### Task description
Transcribe the lines below exactly, beginning with the line that holds "Plum & Pearl Twist Beaded Bracelet" and ending with the final line, both included. Pictures are to be left out.

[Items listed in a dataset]
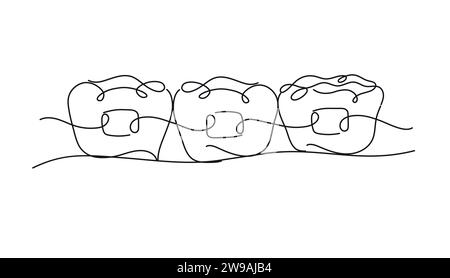 Teeth braces illustration drawing in flat line style on white color background Stock Vector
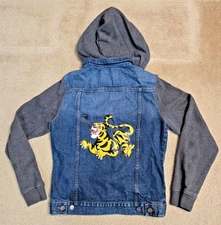 Aeropostale Jean Jacket Hoodie Women's Size S/P Japanese Tiger Back Transfer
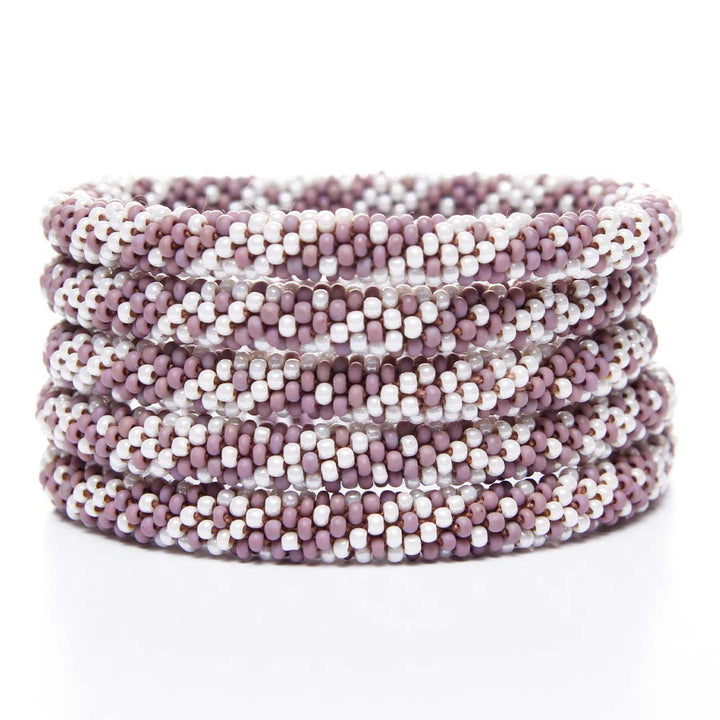 Plum & Pearl Twist Beaded Bracelet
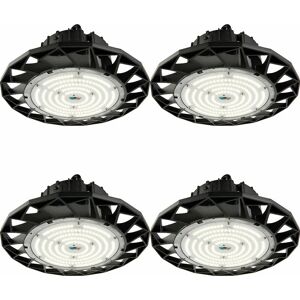 LOOPS 4 pack High Bay Emergency Pendant Light 100W Daylight White led - Matt Black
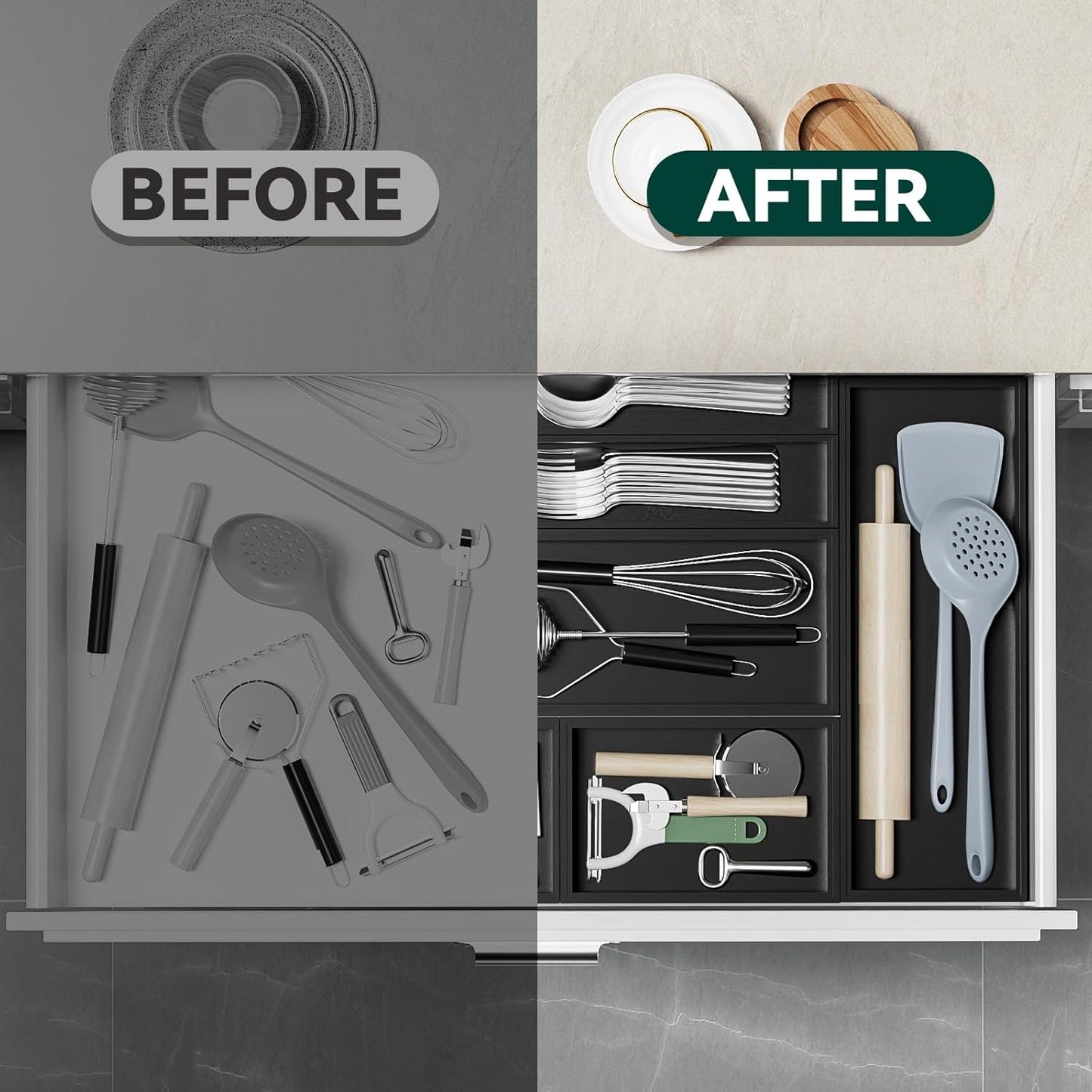 Bamboo Drawer Organizer, Narrow Stackable Cutlery Tray for Kitchen, 2 Pcs Silverware & Utensil Box, 12" x 3" x 2" (Outer), 11.3" x 2.3" x 1.77" (Inner)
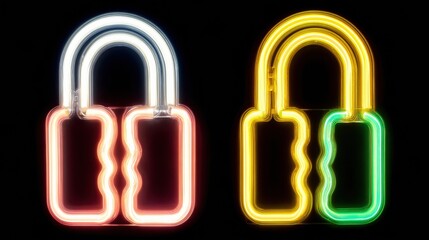 Colorful Neon Padlocks Glowing Against a Dark Background, Illustrating Concepts of Security and Protection in Modern Design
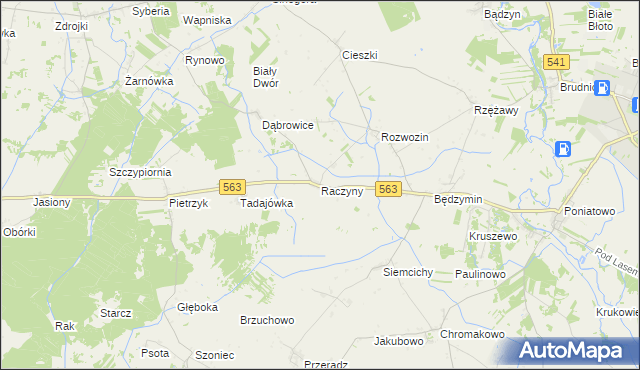 mapa Raczyny gmina Żuromin, Raczyny gmina Żuromin na mapie Targeo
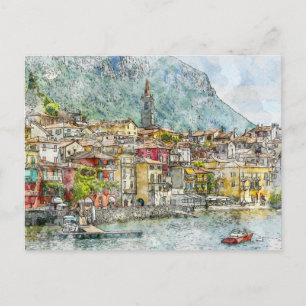 Seeblick Varenna, Italien Postkarte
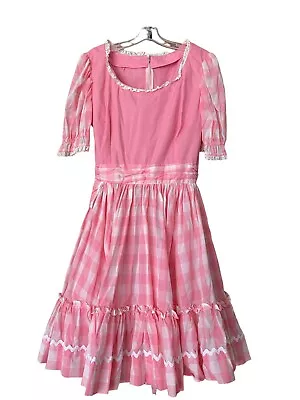 VTG Child's Square Dance Dress Handmade Pink Gingham Check Rockabilly Clogging • $65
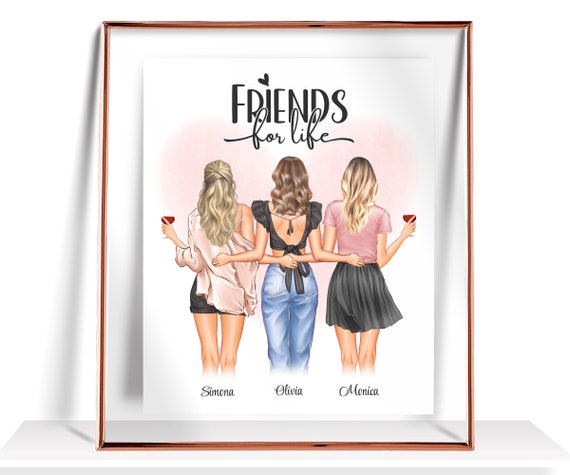 Best Friend Gift Personalized Friendship Gift 3 Best Friend Print Birthday Gifts 3 Friends Gift Best Friend Print Custom Gift For Her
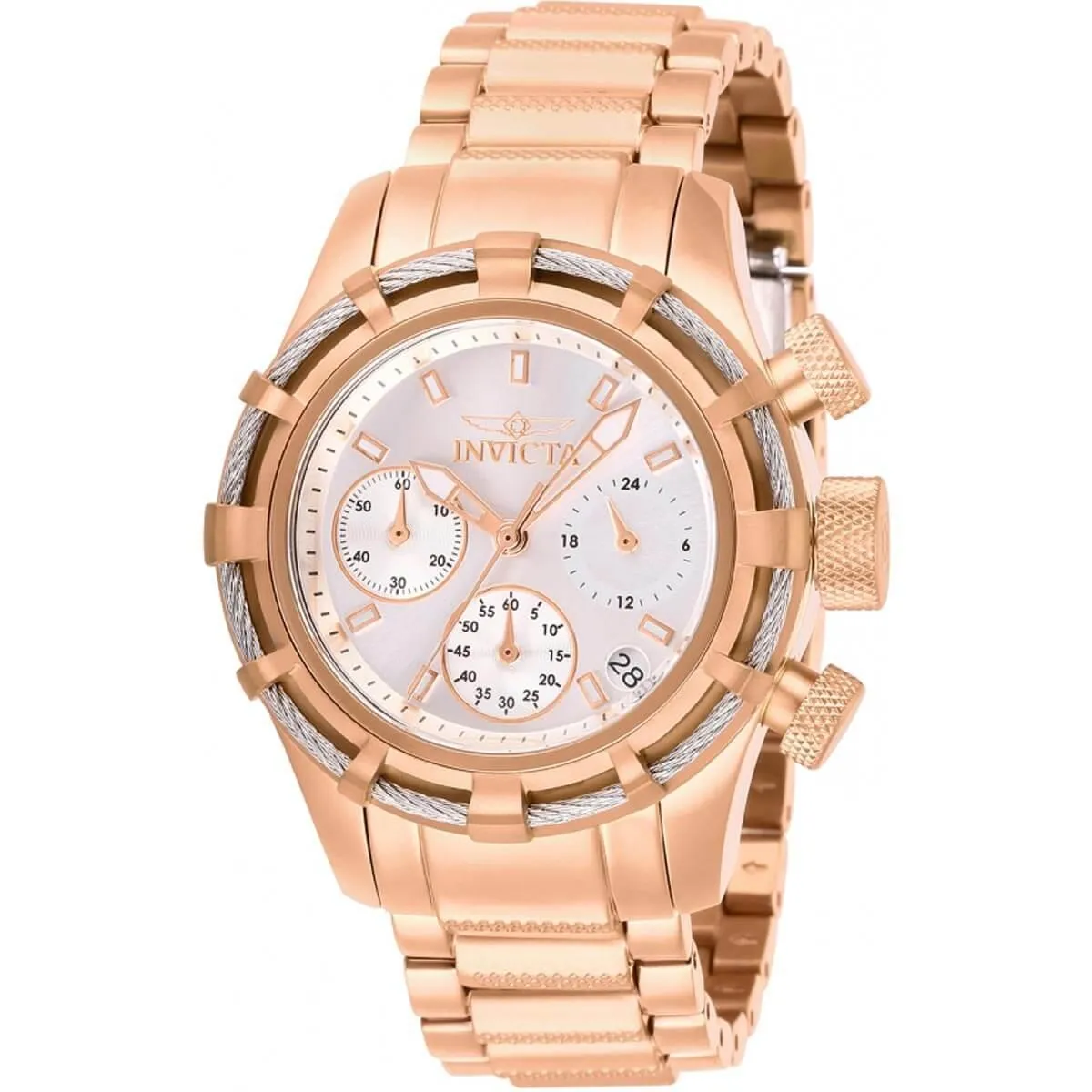 Invicta Women's Chronograph Watch - Bolt Silver Tone Dial Rose Gold Bracelet | 27493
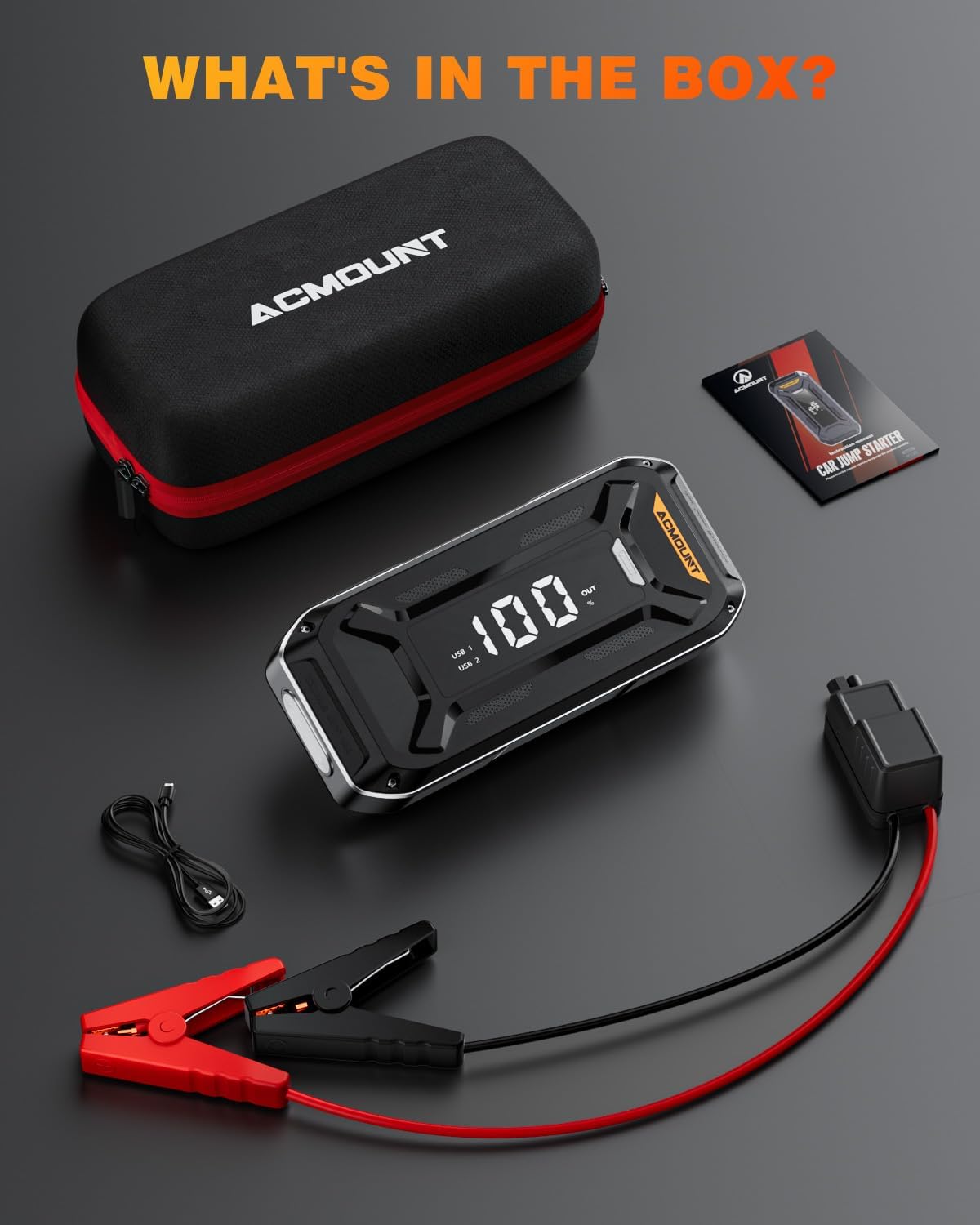 Car Battery Jump Starter Portable, 6000A 12V Car Jumper Starter with Jump Box (All Gas/10.0L Diesel), LCD Display, USB Quick Charge  LED Light, Ultimate Durable Long-Lasting Battery Jump Pack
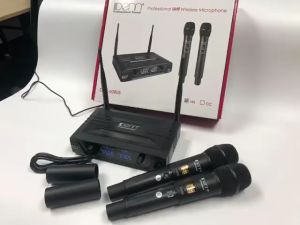 Original Denn DPM-608US (HH) Dual Channel Ultra High Frequency (UHF) Professional Wireless Handheld Microphone Mic Karaoke (2 Handset Microphones) [Mikrofon Tanpa Wayar] GANTV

### Task result
 Plum & Pearl Twist Beaded Bracelet
 LOOPS 4 pack High Bay Emergency Pendant Light 100W Daylight White led - Matt Black
 Bamboo Drawer Organizer, Narrow Stackable Cutlery Tray for Kitchen, 2 Pcs Silverware & Utensil Box, 12" x 3" x 2" (Outer), 11.3" x 2.3" x 1.77" (Inner)
 Colorful Neon Padlocks Glowing Against a Dark Background, Illustrating Concepts of Security and Protection in Modern Design
 mapa Raczyny gmina Żuromin, Raczyny gmina Żuromin na mapie Targeo
 Seeblick Varenna, Italien Postkarte
 VTG Child's Square Dance Dress Handmade Pink Gingham Check Rockabilly Clogging • $65
 Best Friend Gift Personalized Friendship Gift 3 Best Friend Print Birthday Gifts 3 Friends Gift Best Friend Print Custom Gift For Her
 Invicta Women's Chronograph Watch - Bolt Silver Tone Dial Rose Gold Bracelet | 27493
 Car Battery Jump Starter Portable, 6000A 12V Car Jumper Starter with Jump Box (All Gas/10.0L Diesel), LCD Display, USB Quick Charge  LED Light, Ultimate Durable Long-Lasting Battery Jump Pack
 Original Denn DPM-608US (HH) Dual Channel Ultra High Frequency (UHF) Professional Wireless Handheld Microphone Mic Karaoke (2 Handset Microphones) [Mikrofon Tanpa Wayar] GANTV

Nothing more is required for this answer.